Scientists have discovered a number of factors that led to the mass coral bleaching last year — an event that left Australia’s Great Barrier Reef devastated.

Even during summers that face excessive heat with an El Nino event, such as in 1998, there was no impact from coral bleaching in the Torres Strait and only slight bleaching was discovered in the northern Great Barrier Reef, according to Eric Wolanski, a professor at James Cook University in Australia.

“So, the extensive coral bleaching in these areas during the summer of 2016 was an unwelcome surprise,” Wolanski said.

Back in early April, scientists recorded severe coral bleaching surveys for the second time in 12 months.

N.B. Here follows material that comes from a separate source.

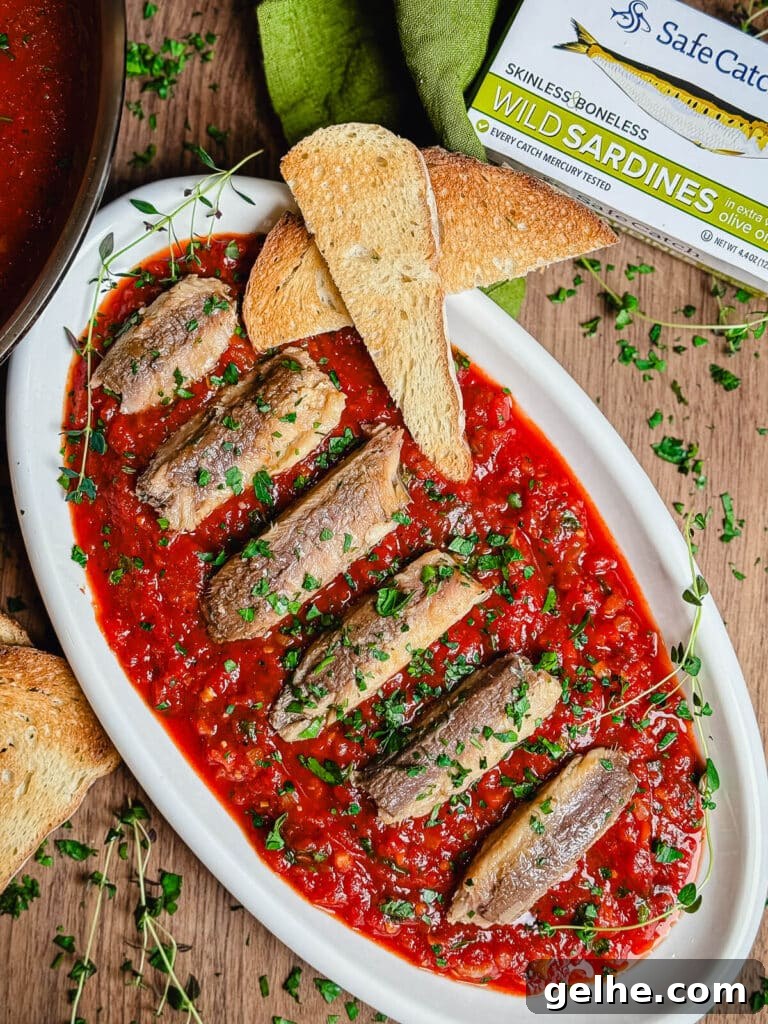 overhead shot of sardines fra diavolo on a platter with herbs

“This is the fourth time the Great Barrier Reef has bleached severely – in 1998, 2002, 2016, and now in 2017,” James Kerry from James Cook University in Australia said. “It takes at least a decade for a full recovery of even the fastest growing corals, so mass bleaching events 12 months apart offers zero prospect of recovery for reefs that were damaged in 2016.”

An aerial survey of the northern Great Barrier Reef in 2016 revealed 90 percent of the reefs in some areas were harshly bleached. Wolanski claimed the satellite data demonstrated the heating of the 2016 El Nino took initially took place in the Gulf of Carpentaria. Certain areas in the water reached an exceptionally high 34 degrees Celsius, or 93 degrees Fahrenheit.

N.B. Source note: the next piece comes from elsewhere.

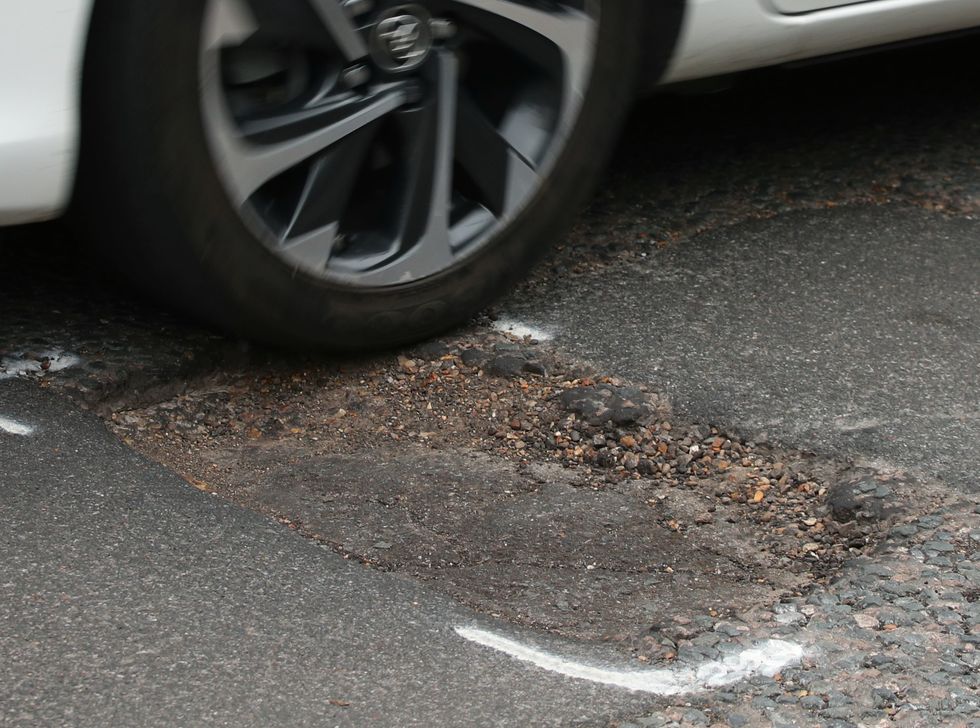 A car driving over a pothole.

The water traveled east in the direction of the Torres Strait reefs and south to the Great Barrier Reef. The residence time of the heated water in these areas was exceedingly long, increasing the thermal stress on the coral. All of these factored led the solar heating to continue.

“Examining surface currents suggests that the North Queensland Coastal Current in the Coral Sea, which would normally flush and cool the Northern Great Barrier Reef, actually did the opposite,” Wolanski said. “It reversed course and brought very warm water to the Northern Great Barrier Reef.”

Altogether, these processes create the perfect thermal storm, he said.